▶ **Task objective**
Would you write out, word for word, each line of the records below from the top through the one holding "bathroom featuring vaulted"?

▶ **Material supplied**
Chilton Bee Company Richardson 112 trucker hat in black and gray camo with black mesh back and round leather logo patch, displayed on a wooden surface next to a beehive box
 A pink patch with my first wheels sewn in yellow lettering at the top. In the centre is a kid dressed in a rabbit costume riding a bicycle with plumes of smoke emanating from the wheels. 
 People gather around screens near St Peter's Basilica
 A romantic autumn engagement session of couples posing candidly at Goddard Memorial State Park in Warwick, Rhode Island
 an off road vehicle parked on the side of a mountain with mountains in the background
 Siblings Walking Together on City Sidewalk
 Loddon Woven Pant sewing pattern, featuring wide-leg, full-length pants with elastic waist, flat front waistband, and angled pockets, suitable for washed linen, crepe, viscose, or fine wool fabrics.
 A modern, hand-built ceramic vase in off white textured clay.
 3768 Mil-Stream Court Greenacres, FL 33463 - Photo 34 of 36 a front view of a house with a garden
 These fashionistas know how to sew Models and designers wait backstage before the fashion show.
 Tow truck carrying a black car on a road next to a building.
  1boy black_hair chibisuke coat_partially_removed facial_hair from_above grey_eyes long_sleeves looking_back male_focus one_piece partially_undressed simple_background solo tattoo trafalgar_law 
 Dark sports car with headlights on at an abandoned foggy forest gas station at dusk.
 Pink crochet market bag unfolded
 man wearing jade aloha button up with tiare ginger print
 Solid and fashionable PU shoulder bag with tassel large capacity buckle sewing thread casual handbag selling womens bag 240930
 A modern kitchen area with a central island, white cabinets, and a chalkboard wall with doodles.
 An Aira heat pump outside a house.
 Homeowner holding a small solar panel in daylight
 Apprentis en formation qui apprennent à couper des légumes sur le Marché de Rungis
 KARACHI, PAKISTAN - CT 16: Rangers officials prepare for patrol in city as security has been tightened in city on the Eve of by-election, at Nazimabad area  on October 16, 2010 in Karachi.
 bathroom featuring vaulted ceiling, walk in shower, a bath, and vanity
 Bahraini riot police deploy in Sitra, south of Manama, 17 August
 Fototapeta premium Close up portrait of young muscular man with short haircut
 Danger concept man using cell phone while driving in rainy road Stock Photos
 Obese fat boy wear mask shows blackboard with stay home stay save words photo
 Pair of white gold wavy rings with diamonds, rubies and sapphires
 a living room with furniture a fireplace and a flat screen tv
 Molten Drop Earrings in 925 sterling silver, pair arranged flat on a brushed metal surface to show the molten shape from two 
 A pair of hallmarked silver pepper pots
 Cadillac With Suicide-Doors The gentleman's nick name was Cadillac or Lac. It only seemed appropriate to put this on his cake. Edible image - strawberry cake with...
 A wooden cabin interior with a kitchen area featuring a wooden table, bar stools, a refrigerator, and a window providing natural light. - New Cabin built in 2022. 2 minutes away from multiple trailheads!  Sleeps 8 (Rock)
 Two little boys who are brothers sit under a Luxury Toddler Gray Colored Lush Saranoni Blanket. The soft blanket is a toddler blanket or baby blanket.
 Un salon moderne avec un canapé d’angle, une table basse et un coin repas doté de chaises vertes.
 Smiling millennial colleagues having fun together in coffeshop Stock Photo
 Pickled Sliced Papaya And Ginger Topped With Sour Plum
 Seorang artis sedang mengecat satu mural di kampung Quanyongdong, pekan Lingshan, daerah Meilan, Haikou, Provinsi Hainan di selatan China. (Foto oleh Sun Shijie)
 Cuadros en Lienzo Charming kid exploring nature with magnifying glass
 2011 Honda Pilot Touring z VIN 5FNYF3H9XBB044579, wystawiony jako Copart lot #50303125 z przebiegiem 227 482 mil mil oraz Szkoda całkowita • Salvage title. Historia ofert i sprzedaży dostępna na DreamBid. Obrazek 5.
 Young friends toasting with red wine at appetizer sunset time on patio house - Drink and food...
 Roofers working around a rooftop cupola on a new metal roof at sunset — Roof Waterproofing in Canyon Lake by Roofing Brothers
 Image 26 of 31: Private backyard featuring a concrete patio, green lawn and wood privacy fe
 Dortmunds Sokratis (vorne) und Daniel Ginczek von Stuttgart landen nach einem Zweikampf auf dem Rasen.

▶ **Task result**
Chilton Bee Company Richardson 112 trucker hat in black and gray camo with black mesh back and round leather logo patch, displayed on a wooden surface next to a beehive box
 A pink patch with my first wheels sewn in yellow lettering at the top. In the centre is a kid dressed in a rabbit costume riding a bicycle with plumes of smoke emanating from the wheels. 
 People gather around screens near St Peter's Basilica
 A romantic autumn engagement session of couples posing candidly at Goddard Memorial State Park in Warwick, Rhode Island
 an off road vehicle parked on the side of a mountain with mountains in the background
 Siblings Walking Together on City Sidewalk
 Loddon Woven Pant sewing pattern, featuring wide-leg, full-length pants with elastic waist, flat front waistband, and angled pockets, suitable for washed linen, crepe, viscose, or fine wool fabrics.
 A modern, hand-built ceramic vase in off white textured clay.
 3768 Mil-Stream Court Greenacres, FL 33463 - Photo 34 of 36 a front view of a house with a garden
 These fashionistas know how to sew Models and designers wait backstage before the fashion show.
 Tow truck carrying a black car on a road next to a building.
  1boy black_hair chibisuke coat_partially_removed facial_hair from_above grey_eyes long_sleeves looking_back male_focus one_piece partially_undressed simple_background solo tattoo trafalgar_law 
 Dark sports car with headlights on at an abandoned foggy forest gas station at dusk.
 Pink crochet market bag unfolded
 man wearing jade aloha button up with tiare ginger print
 Solid and fashionable PU shoulder bag with tassel large capacity buckle sewing thread casual handbag selling womens bag 240930
 A modern kitchen area with a central island, white cabinets, and a chalkboard wall with doodles.
 An Aira heat pump outside a house.
 Homeowner holding a small solar panel in daylight
 Apprentis en formation qui apprennent à couper des légumes sur le Marché de Rungis
 KARACHI, PAKISTAN - CT 16: Rangers officials prepare for patrol in city as security has been tightened in city on the Eve of by-election, at Nazimabad area  on October 16, 2010 in Karachi.
 bathroom featuring vaulted ceiling, walk in shower, a bath, and vanity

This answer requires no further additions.